On Tuesday 30 October the strongest winds above 30 miles per hour were, unsurprisingly, concentrated in the New York area. But, the website does have a caveat that its data shouldn't be used to fly a plane, sail a boat, or fight wildfires, and that traditional maps of temperature and wind may be more useful about weather details.

Snapshot of Civiguard map showing evacuation centers and zones on 30 October 2012. There doesn't appear to be a legend, but it seems fairly obvious you really don't want to be in the red zones. Image courtesy Civiguard.

Government representatives have noticed open data's impact during the crisis. Matt Lira, the director of digital for the majority leader in the US House of Representatives says: "This dynamic wind map is an example of how open government data can be utilized in effective & creative ways," on his Twitter page.

Crisis maps and websites consisting of open government data were available when traditional news websites used by the public to stay up-to-date on the superstorm collapsed due to flooded data centers.

The Civiguard application provides an instant evacuation zone checker for smartphones and web browsers.

It does, however, have a disclaimer: users have to agree to not sue Civiguard or its partners based on the information it provides.

Image of Storm-Surge Flood Zones map.
Image showing potential storm-surge flooding by hurricane size on 30 October 2012. Image courtesy Storm-Surge Flood Zones map.

Another example is WNYC's Storm-Surge Flood Zones map of potential hurricane-caused flooding in New York and New Jersey areas.

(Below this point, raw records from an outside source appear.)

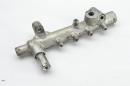 Рампа форсунок - Common Rail Opel Combo 0824123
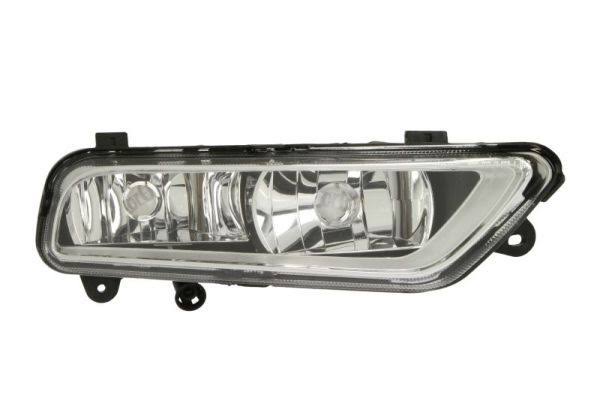 LAMBA SİS PASSAT B7 11-14 RH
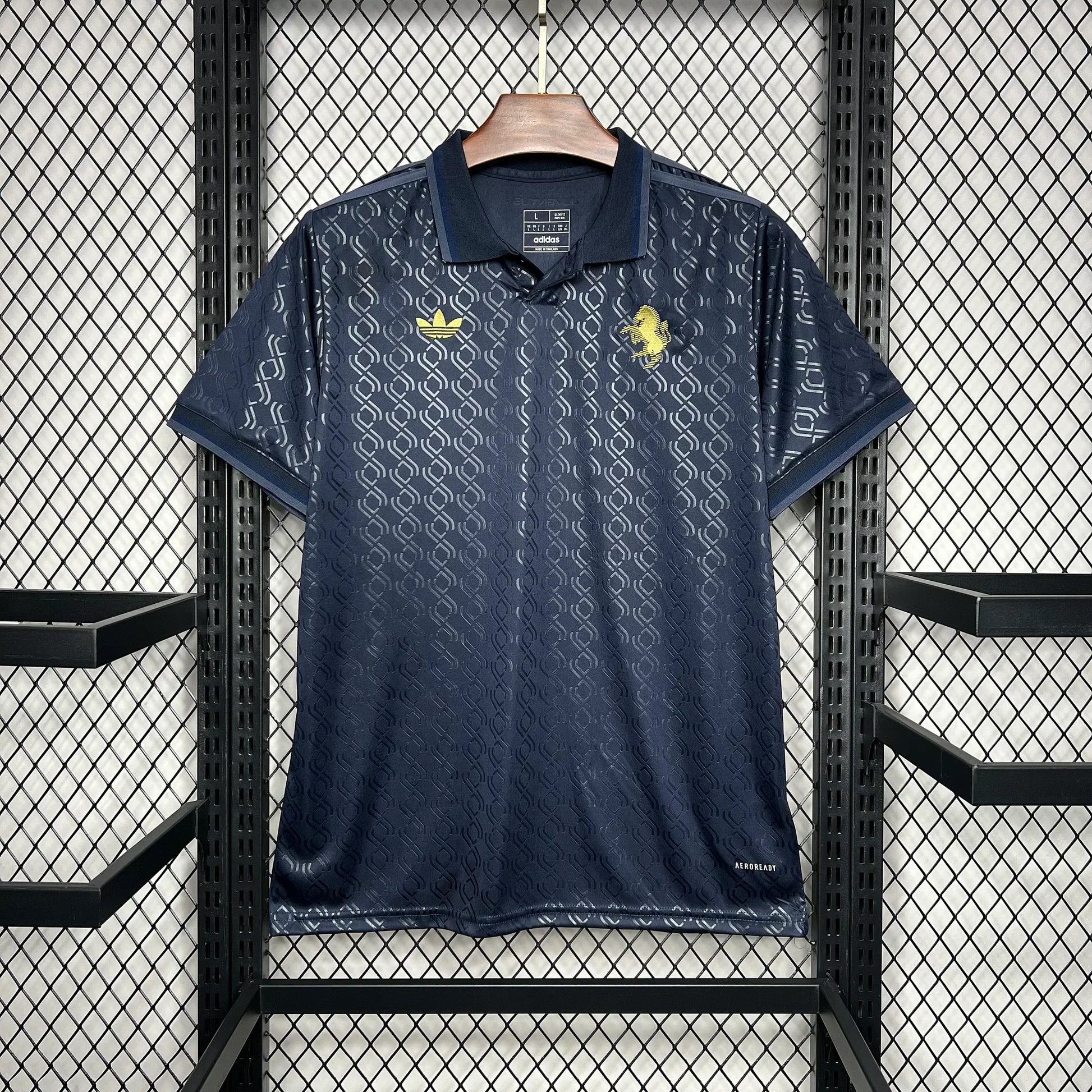 Maglia Juventus foot third 2024 2025
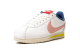 Nike Cortez Coral Stardust (807471-114) weiss 5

This application was developed with help from Vizzuality, an open-source company which creates interactive visualizations of scientific data and the map uses information from a variety of sources including NYC Open Data and the National Hurricane Program Resource Center.

Even commercial giant Google got involved, with real-time crisis response maps available on its search homepage, triggered by Sandy-superstorm-related keywords.

This data is derived from the National Oceanic and Atmospheric Administration National Hurricane Center, National Weather Service, US Geological Survey, weather.com, US Naval Research Laboratory, and Storyful.

This rapid consolidation of open data, technology, government, commercial companies, and savvy individuals provided critical emergency and morale-boosting services, showing how open government data in the right context adds essential value to the public and, from what we can see, without risking individual privacy.